C'est le livre que le jury grand public du mois d'avril a plébiscité. Une prison dans les années 90, Londres en 1977 ou encore un village près de l’Euphrate… C’est à travers ces différents lieux et époques qu’Elif Shafak construit la narration de Crime d’honneur, sous la forme d’un puzzle. Ce roman raconte l’histoire et l’intégration d’une famille d’immigrés turcs à Londres dans les années 70.

L’histoire débute dans les années 60, dans un village kurde du bord de l’Euphrate, avec la rencontre de Pembe et Adem. Ce dernier, âgé de 18 ans, vient d’Istambul. Il souhaite épouser la sœur jumelle de Pembe, Jamila, dont il est sous le charme. Mais quand il apprend que cette dernière pourrait ne pas être vierge, il se rétracte. Pas question pour lui d’épouser une femme « souillée ». Il se marie alors avec Pembe, une union par dépit qui donnera trois enfants. Ce mariage entraînera plus tard un crime d’honneur, commis pour racheter la réputation de Pembe.

Le roman mêle l’histoire de cette rencontre, et le récit de la vie du couple à Londres. Pembe y travaille dans un salon de beauté et élève seule ses trois enfants. Elle est déçue par son mari, qu’elle décrit comme « un homme de nombreux regrets et de peu de courage ». Ce dernier dépense son argent dans des salles de jeu. Il délaisse sa femme et le logis pour Roxanna, une strip-teaseuse.

Racisme et féminisme

Les trois enfants quant à eux s’intègrent chacun à leur façon. Iskender pratique la boxe et provoque l’émoi des filles de seize ans, qui lui trouvent une « irrésistible virilité ». Yunus passe son temps avec des squatters libertaires, tandis que la discrète Esma s’essaie au féminisme. L’auteure met en lumière les différences culturelles - rapport aux autres, religion, etc - sources de décalage.

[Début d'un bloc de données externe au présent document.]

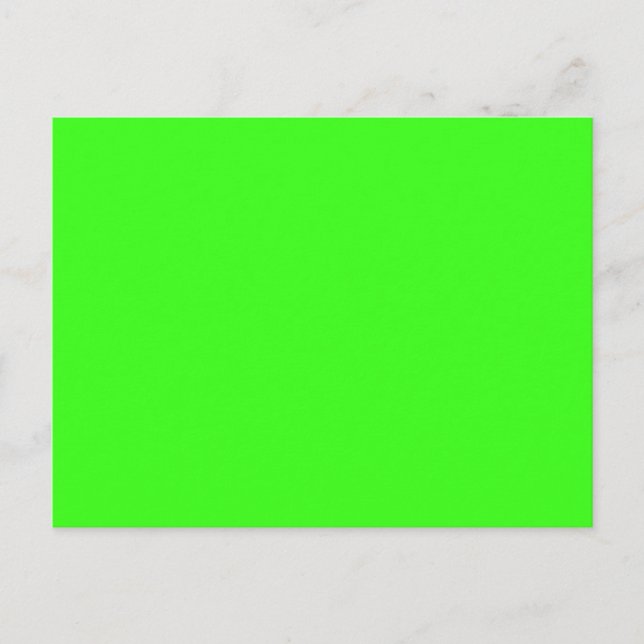 Neon Green Solid Colour Postcard (Front)
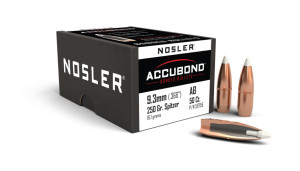 Nosler AccuBond Projectiles 9.3mm 250gr 50 Nosler AccuBond Projectiles 9.3mm 250gr 50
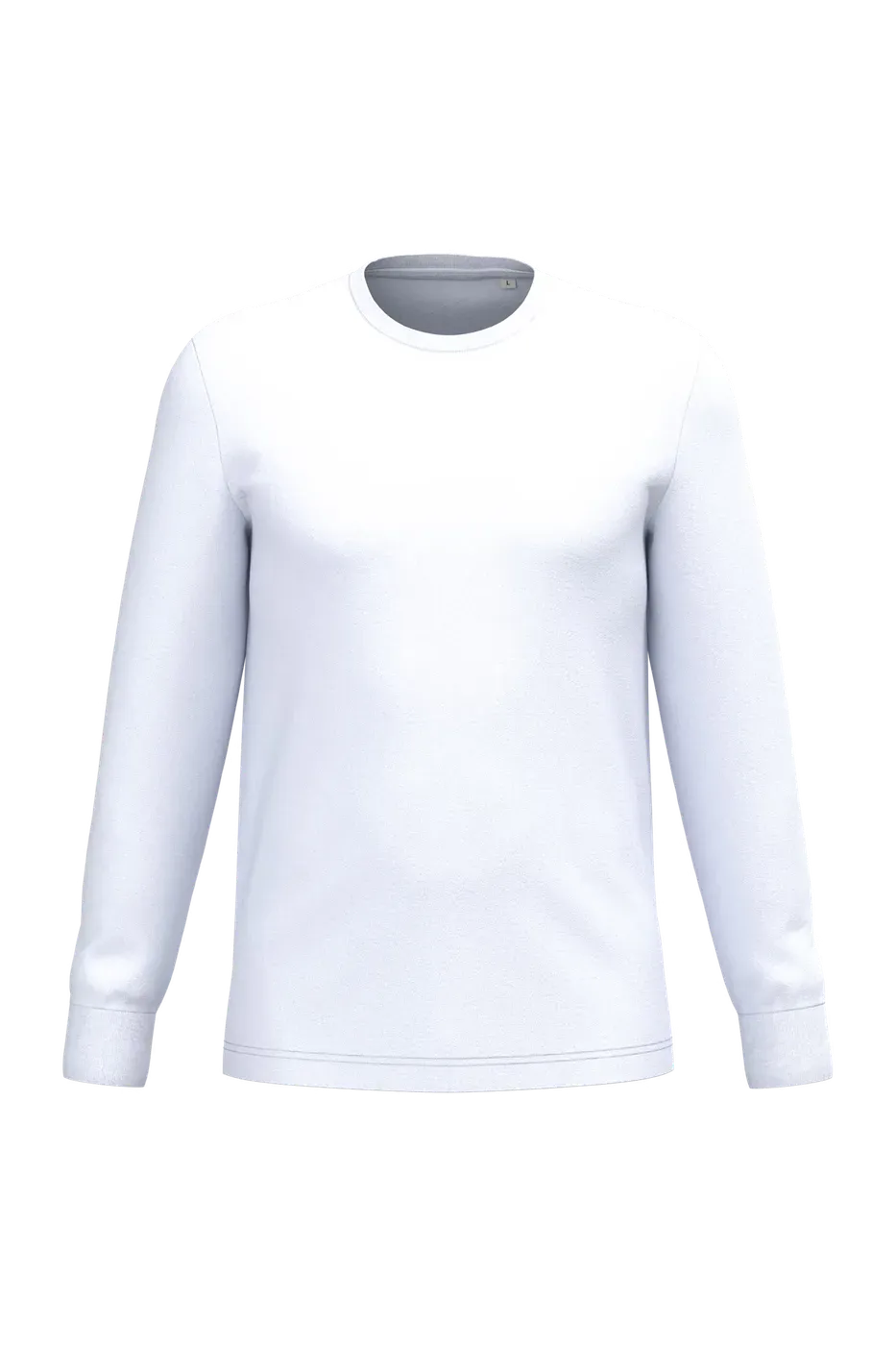 T-shirt Native Spirit Ecologisch uniseks lange mouwen NS333 in T-shirt Native Spirit Ecologisch uniseks lange mouwen NS333 - White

Elle décrit également le racisme dont sont victimes les immigrés. Une mise à l’écart qui entraîne parfois un repli communautaire, avec la recherche d’un retour aux sources culturelles. Pembe découvre véritablement cette discrimination lors d’une scène où elle rencontre Elias. Ce dernier lui ouvre les yeux sur ce rejet de l’autre. Par la suite elle développe des sentiments pour ce chef cuisinier divorcé, né au Liban, élevé à Montréal et immigré à Londres. Ces deux personnages entretiennent une relation amoureuse discrète et non sexuelle.

Pour l’honneur

Une relation qui remonte jusqu’aux oreilles d’Iskender, qui commet alors ce fameux crime d’honneur. Cette situation d’adultère, ou interprétée comme telle, fait écho à l’histoire familiale d’Adem. Sa propre mère s’était enfuie avec un autre homme. Pour Adem, cette situation est intolérable, car l’honneur d’un homme repose pour beaucoup selon lui sur la fidélité de sa femme. Une fois celle-ci remise en cause, le mari perdrait son honneur, ce qui ferait de lui « un homme mort ». Encore une différence culturelle avec l’Angleterre, où les mœurs seraient beaucoup plus légères.

Au final l’auteure trace une fresque nuancée et très romanesque, parsemée de réflexions générales sur la vie et les cultures, dont la portée pourrait prendre la valeur d’une fable.

Elif Shafak, parcours d'une migrante

Elif Shafak, 42 ans, est une fille de diplomate, née à Strasbourg en 1971. Elle a passé son adolescence en Espagne avant de s’établir en Turquie. Après des études en Gender and Women’s Studies et un doctorat en sciences politiques, elle a enseigné aux États-Unis. Elle vit aujourd’hui à Istanbul. Auteure reconnue dans le monde entier, elle a publié plus de dix romans, dont La Bâtarde d’Istanbul, Bonbon Palace, Lait noir et Soufi, monamour. Ce dernier est le plus grand succès de librairie des dernières décennies en Turquie.